Available data START
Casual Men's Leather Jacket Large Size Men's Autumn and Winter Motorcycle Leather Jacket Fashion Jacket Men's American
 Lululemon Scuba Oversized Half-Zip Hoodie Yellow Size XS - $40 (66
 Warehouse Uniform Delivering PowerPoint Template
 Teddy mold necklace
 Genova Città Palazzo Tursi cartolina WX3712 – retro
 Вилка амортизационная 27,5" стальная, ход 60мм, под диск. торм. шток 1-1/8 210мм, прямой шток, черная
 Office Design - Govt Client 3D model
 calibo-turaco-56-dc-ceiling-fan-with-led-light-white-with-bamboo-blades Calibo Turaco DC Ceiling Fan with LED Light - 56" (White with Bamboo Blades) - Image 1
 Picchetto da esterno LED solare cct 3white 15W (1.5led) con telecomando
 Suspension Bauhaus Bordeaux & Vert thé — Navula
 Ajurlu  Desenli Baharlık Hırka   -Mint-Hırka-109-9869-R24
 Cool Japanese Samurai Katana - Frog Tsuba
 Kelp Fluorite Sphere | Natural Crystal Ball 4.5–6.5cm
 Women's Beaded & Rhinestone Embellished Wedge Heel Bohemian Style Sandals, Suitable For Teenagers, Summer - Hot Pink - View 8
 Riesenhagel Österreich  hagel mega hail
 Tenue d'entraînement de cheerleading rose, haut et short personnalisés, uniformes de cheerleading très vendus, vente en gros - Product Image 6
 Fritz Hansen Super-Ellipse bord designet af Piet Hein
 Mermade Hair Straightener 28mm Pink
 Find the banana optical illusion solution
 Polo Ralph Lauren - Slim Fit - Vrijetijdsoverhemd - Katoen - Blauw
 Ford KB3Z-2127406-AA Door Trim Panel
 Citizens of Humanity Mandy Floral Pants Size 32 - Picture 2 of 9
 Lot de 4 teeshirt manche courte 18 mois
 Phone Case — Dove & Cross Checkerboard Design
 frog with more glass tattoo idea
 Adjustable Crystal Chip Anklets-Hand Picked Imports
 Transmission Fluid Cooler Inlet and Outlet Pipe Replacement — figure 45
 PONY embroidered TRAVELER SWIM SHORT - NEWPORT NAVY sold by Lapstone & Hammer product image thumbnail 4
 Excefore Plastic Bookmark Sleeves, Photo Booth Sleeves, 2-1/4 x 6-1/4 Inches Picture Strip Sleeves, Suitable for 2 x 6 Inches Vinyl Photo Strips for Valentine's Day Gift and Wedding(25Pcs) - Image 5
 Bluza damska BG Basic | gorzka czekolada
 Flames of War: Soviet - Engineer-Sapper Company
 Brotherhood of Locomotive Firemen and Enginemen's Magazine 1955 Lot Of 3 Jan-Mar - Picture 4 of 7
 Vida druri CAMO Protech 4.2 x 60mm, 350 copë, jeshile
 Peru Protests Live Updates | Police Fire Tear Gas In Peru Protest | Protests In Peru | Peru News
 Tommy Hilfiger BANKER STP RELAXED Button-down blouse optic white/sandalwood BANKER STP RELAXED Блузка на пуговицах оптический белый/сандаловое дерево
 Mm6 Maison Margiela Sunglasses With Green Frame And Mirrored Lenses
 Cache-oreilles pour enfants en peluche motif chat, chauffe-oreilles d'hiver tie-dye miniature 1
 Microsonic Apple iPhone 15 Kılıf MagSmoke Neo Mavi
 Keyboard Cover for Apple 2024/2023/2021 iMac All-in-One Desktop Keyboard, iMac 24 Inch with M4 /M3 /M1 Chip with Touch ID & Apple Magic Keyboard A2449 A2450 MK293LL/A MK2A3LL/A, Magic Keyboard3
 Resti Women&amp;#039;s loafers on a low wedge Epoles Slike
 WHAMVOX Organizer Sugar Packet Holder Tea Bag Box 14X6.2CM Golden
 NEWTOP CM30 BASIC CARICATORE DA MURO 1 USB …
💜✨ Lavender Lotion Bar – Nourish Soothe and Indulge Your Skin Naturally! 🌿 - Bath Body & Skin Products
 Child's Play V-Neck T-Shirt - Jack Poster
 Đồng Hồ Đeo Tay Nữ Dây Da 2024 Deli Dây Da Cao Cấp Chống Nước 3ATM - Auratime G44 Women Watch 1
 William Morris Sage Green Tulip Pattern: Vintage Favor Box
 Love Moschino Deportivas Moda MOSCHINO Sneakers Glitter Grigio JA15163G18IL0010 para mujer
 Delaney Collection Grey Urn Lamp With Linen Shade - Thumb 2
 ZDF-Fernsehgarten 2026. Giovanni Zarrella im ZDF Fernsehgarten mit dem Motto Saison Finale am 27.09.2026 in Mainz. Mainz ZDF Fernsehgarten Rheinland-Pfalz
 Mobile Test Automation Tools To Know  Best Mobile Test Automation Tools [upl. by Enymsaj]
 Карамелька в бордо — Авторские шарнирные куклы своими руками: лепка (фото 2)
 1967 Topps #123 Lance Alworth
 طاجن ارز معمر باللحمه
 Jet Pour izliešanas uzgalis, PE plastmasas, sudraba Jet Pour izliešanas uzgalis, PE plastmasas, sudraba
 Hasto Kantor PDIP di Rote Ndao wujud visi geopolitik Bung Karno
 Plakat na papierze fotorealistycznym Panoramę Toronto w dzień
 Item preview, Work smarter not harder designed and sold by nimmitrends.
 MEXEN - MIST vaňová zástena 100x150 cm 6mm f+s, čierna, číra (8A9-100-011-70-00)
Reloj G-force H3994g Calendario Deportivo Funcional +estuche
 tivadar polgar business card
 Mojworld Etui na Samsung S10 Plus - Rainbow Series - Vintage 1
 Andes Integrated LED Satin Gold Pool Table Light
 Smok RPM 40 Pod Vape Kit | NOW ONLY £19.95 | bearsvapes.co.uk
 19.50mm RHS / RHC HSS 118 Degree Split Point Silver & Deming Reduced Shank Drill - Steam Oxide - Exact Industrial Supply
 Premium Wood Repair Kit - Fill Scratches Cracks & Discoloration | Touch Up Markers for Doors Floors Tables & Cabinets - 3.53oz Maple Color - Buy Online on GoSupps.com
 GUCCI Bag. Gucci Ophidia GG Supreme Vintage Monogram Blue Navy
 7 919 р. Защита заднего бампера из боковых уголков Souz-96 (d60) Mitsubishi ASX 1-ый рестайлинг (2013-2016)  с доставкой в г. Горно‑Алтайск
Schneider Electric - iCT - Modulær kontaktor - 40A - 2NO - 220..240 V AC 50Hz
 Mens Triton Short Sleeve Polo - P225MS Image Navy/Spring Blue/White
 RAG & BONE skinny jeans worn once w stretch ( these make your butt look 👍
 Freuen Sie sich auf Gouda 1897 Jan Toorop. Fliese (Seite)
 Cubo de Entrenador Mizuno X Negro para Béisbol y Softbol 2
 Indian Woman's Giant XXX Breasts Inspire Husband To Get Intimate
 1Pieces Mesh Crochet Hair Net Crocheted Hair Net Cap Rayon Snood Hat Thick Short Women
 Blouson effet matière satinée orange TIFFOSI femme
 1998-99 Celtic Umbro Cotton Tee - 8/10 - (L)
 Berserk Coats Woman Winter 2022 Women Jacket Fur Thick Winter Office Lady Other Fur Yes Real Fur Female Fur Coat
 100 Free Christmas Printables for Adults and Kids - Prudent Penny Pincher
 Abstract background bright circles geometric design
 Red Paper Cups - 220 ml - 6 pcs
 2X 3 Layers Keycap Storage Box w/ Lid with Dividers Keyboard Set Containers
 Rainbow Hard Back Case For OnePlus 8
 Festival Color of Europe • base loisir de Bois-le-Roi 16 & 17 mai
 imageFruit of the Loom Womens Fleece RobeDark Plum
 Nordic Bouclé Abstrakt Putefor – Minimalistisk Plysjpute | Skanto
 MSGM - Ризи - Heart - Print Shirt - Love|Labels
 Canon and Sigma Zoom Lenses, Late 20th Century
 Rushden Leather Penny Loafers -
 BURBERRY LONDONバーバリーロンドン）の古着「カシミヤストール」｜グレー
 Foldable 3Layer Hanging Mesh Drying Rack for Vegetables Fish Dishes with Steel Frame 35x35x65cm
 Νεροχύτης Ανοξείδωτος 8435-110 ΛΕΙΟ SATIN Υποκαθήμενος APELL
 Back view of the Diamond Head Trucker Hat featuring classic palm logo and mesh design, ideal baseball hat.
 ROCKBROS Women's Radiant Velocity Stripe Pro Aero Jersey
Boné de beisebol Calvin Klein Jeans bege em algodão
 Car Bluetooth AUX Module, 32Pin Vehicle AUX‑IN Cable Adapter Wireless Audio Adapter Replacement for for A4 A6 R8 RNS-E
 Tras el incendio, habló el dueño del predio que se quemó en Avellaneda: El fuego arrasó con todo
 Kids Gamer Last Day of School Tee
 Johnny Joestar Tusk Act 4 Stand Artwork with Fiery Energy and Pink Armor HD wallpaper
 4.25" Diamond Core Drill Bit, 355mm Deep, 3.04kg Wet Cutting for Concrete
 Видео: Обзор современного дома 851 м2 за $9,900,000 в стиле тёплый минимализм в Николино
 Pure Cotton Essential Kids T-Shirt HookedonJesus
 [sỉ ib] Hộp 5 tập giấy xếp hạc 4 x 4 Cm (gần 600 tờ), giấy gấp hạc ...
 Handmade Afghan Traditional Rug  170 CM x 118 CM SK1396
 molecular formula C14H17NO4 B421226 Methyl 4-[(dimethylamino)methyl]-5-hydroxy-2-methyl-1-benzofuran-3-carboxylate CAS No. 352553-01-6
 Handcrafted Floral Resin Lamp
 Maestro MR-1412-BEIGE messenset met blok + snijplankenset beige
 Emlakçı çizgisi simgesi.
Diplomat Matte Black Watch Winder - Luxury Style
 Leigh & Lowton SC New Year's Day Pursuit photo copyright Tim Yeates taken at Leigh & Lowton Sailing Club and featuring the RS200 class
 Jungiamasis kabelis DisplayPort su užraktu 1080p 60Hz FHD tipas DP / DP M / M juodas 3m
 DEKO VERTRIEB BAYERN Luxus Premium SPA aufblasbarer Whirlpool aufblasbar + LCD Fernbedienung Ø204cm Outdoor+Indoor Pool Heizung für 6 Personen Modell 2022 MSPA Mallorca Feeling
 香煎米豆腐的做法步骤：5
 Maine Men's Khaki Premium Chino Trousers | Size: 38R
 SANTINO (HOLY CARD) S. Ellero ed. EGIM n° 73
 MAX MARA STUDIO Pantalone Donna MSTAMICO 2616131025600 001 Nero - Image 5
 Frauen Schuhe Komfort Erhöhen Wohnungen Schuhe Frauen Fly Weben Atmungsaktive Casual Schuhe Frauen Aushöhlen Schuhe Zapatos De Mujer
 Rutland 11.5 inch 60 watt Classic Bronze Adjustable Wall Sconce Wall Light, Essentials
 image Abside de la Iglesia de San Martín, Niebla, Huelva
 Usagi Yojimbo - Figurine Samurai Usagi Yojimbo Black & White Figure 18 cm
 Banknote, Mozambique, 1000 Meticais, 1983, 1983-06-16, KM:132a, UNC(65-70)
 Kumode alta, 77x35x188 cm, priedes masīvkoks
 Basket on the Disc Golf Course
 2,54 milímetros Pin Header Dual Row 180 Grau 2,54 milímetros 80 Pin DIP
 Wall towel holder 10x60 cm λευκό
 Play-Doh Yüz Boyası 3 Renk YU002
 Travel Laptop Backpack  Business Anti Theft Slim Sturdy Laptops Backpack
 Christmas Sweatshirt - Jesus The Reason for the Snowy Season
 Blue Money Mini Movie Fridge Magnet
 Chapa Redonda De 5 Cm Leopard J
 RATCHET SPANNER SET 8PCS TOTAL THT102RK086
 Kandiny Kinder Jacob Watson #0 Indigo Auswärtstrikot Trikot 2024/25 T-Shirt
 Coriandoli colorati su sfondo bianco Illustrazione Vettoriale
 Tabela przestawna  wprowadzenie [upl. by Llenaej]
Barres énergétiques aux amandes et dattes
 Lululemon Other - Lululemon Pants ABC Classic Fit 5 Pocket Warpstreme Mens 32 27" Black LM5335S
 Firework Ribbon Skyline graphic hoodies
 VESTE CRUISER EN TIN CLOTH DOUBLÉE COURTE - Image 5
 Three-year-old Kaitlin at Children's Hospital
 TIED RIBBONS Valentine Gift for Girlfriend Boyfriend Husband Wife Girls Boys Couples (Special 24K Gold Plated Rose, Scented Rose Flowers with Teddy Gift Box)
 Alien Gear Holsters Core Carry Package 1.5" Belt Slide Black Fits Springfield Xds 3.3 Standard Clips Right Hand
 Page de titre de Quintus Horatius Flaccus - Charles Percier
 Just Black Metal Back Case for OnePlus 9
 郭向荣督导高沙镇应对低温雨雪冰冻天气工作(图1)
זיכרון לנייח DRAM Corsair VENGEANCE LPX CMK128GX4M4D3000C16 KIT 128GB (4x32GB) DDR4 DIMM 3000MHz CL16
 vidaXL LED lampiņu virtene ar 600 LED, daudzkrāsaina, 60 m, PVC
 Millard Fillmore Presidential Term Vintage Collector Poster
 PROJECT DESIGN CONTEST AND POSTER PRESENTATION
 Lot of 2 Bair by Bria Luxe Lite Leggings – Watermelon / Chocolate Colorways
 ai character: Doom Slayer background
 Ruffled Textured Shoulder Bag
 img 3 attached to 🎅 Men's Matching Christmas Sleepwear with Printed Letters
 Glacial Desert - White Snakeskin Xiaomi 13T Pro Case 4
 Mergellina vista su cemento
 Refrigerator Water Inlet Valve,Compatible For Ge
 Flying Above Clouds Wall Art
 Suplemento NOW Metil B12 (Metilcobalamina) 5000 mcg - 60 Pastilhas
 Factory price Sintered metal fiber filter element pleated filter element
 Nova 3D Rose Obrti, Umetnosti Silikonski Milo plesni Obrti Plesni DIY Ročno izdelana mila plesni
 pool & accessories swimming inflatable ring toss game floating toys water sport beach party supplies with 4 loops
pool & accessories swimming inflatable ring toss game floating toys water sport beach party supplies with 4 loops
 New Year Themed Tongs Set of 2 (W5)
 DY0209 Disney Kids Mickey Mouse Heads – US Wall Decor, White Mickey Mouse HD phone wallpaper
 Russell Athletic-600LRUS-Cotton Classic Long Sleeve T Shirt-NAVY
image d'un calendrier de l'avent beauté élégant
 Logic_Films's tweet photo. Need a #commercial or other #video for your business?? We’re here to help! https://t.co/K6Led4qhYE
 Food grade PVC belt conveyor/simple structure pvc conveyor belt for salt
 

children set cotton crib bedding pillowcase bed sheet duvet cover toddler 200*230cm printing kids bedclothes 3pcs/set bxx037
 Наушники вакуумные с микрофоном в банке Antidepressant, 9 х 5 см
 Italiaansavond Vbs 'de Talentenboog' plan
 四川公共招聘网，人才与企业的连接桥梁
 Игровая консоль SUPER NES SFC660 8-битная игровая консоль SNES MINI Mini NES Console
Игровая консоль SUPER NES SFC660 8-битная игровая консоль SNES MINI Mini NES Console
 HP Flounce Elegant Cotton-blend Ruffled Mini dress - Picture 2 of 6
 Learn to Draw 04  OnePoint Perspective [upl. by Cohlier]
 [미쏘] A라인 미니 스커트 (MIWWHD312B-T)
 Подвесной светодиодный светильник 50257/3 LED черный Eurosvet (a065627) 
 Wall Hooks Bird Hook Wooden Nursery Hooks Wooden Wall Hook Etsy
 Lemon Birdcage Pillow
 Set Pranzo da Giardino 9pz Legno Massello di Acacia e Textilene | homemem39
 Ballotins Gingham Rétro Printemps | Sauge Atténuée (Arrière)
Available data END
Activity -> I need every line from the material that contains the word "Style".

Expected answer ->
 Women's Beaded & Rhinestone Embellished Wedge Heel Bohemian Style Sandals, Suitable For Teenagers, Summer - Hot Pink - View 8
Diplomat Matte Black Watch Winder - Luxury Style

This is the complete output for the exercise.